宿泊施設のための持続可能性マネジメントシステム
概要
ISO21401は「宿泊施設のための持続可能性マネジメントシステム」の要求事項を規定した国際規格で、2018年12月に発行されました。
この規格は、持続可能性マネジメントシステムを実施するための環境的、社会的、経済的要求事項を規定しており、人権、顧客と従業員の安全衛生、環境保護、水・エネルギー消費量・廃棄物削減、地域経済の発展といった、持続可能性に関連した広範な内容が含まれています。ホテルや旅館などの宿泊施設が、環境的、社会的、経済的側面に配慮し、事業における持続可能性(サステナビリティ)を実現するための経営の仕組み(マネジメントシステム)はどのようなものであるべきかについてのグローバルスタンダードが示されています。
歴史
観光業は世界最大かつ最も急速に成長している経済セクターの1つであり、年間何十億人もの人々が旅行しており、その数は2030年まで毎年3.3%増加すると予想されています。また観光業は、様々な国や文化の間の相互理解と平和を促進し、多くの雇用を創出し、世界中でますます関心の高まる国連の「SDGs(持続可能な開発目標)」で示された17の目標の多くに直接貢献するのに理想的な領域ともいえます。そして、宿泊施設はあらゆる観光活動の中心であり、環境への影響を改善し、社会的交流を促進し、地域経済に積極的に貢献する大きな可能性を秘めています。
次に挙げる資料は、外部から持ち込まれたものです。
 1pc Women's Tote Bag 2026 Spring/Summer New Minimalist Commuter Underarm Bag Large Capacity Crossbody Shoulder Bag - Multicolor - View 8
これらを背景として、2018年12月、国際標準化機構(ISO)はホテルや旅館といった宿泊施設の持続可能性(サステナビリティ)マネジメントシステムの規格であるISO21401を発行しました。この規格はスペインUNEとチュニジアのINNORPIが事務局を務めるISO/TC 228で作成されました。 ISOの国際規格は多くの国の専門家から成る委員会で慎重に議論が重ねられた末に作成され、最も有名なマネジメントシステム規格であるISO9001(品質)やISO14001(環境)、ISO45001(労働安全衛生)、ISO/IEC27001(情報セキュリティ)は、全世界で合計185 万以上の認証を持ち、これらの分野におけるグローバルスタンダード(世界標準)になっています。ISO21401も同様のプロセスを経て作成されました。つまり、広く国際的な合意を得た「サステナブルな宿泊施設のためのグローバルスタンダード」であるといえます。
目的
この規格は、「宿泊施設が環境への影響を改善し、社会的交流を促進し、地域経済に積極的に貢献することを支援する」ことを目的としており、観光宿泊施設が持続可能性マネジメントシステムを実施するための環境、社会、経済的な要求事項を規定し、人権、従業員とゲストの健康と安全、環境保護、水とエネルギーの消費、廃棄物の発生などの問題に対応しています。
メリット
宿泊施設がISO21401に基づく持続可能性マネジメントシステムを導入し、適切に運用することで得られるメリットとしては以下のようなことが考えられるでしょう。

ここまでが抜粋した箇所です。